You're misunderstanding what the table is supposed to contain; all you've constructed is a list of numbers (constants) where you should have had a list of destination addresses.
Check out the syntax of DW: http://www.nasm.us/xdoc/2.11/html/nasmd ... tion-3.2.1

Each 4-byte offset into the table points to a seg:ofs destination address - the address of the code which handles that particular interrupt.
So the first entry at offset zero is the address of the code to handle interrupt 0, the second entry at offset 4 is the address of the code to handle int 1, the third at offset 8 is the address for int 2 - and so on.
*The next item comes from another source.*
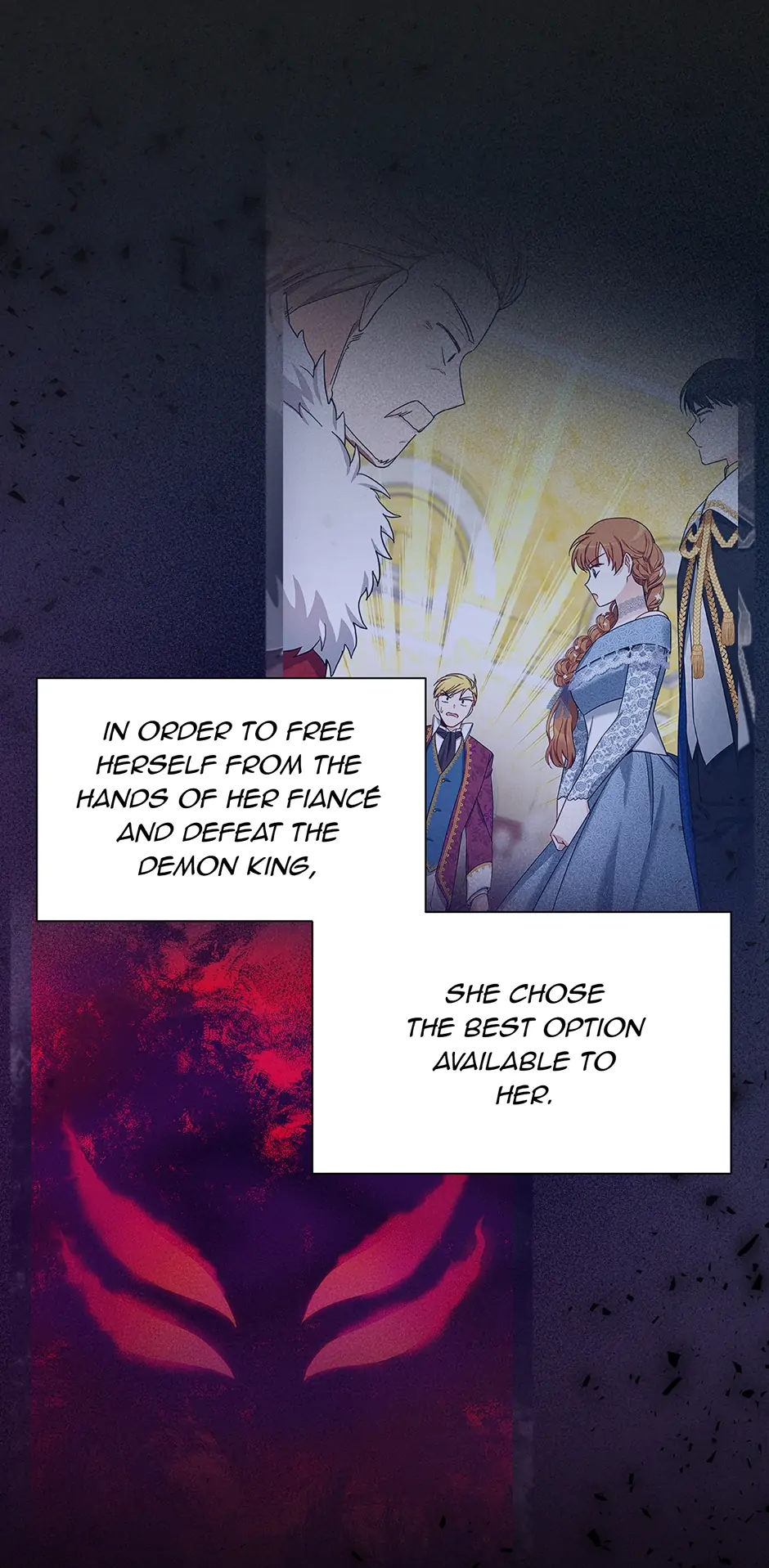 The Duchess with an Empty Soul Chapter 113 - page 25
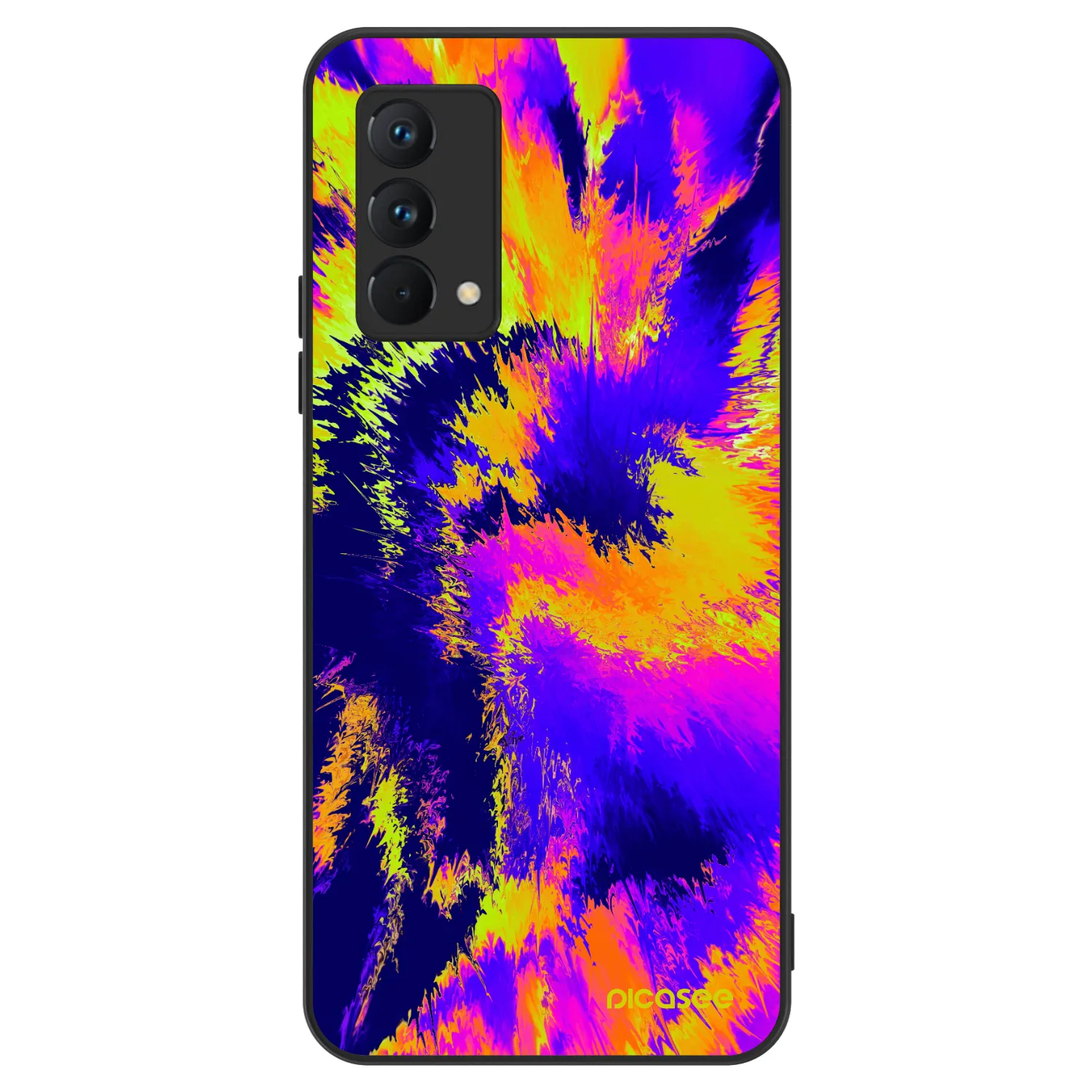 Picasee ULTIMATE CASE pentru Realme GT Master Edition 5G - Burn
Here's a worked example in NASM of reading and altering the table:
http://computer-programming-forum.com/4 ... 10cbdb.htm
That code uses a DOS environment to allow it to be executed, but the essential parts are not OS-related; one way of writing an entry is basically this:
Code:
 mov word [es:VECT_NUM * 4 + 0],handler
 mov [es:VECT_NUM * 4 + 2],cs
(obviously ES and CS need to have sane values established elsewhere)

bugmenot wrote:
why, in the year 2014, would you want to work in real mode?! !
Because all x86 processors start in real mode when reset and in order to load an OS (the OP is working on a bootloader), certain operational conditions must be established first.